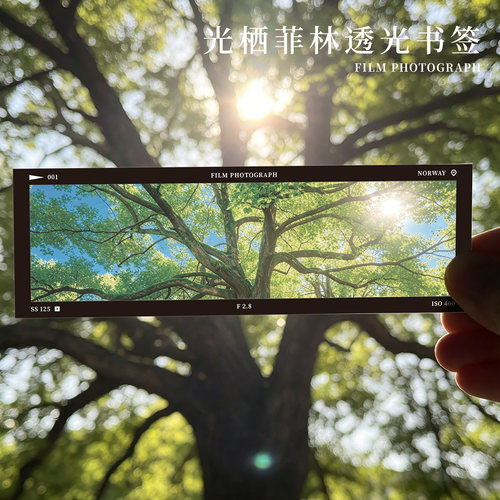 【复古胶片】林荫岁光书签电影感文创透光夏日浪漫摄影雪山氛围感pvc光影学生文艺青年高颜值阅读书页夹礼物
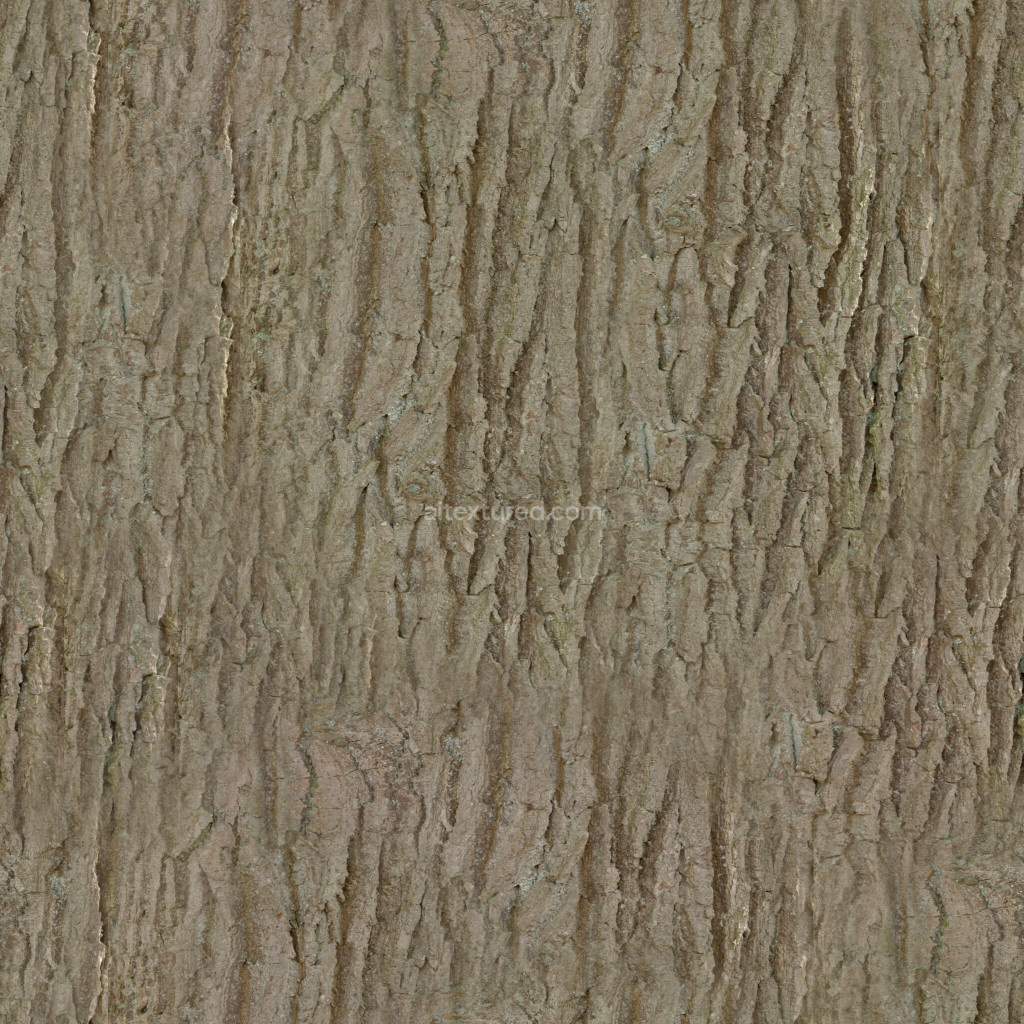 Seamless bark texture with realistic wood grain detail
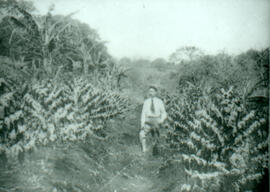 Fotografía de una plantación de café nuevo en flor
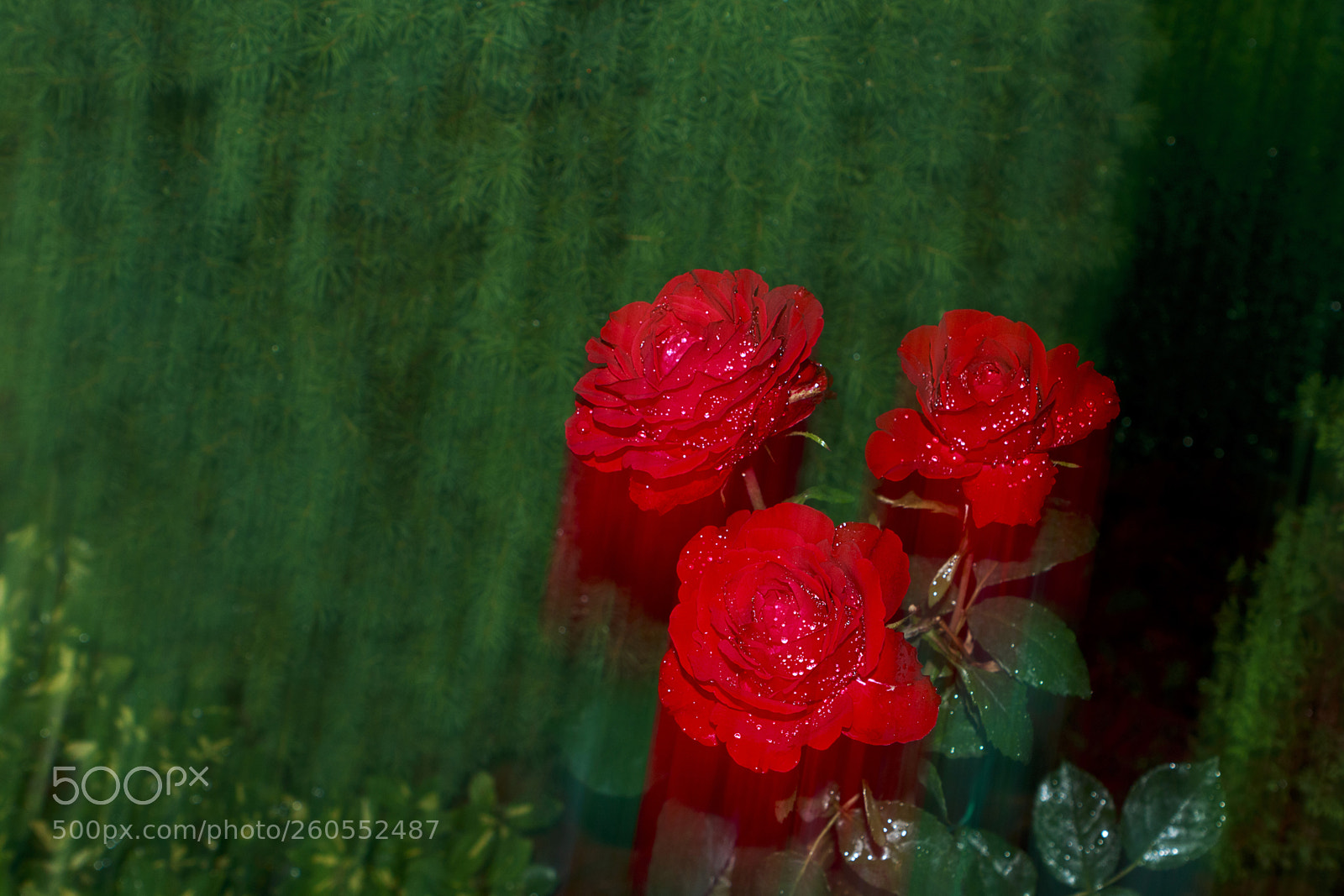 Canon EOS 70D sample photo. Rózsa photography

※

Brief →
Start at the first line and set down all of the data exactly, passing over the pictures.

Response →
 【复古胶片】林荫岁光书签电影感文创透光夏日浪漫摄影雪山氛围感pvc光影学生文艺青年高颜值阅读书页夹礼物
 Seamless bark texture with realistic wood grain detail
 Fotografía de una plantación de café nuevo en flor
 Canon EOS 70D sample photo. Rózsa photography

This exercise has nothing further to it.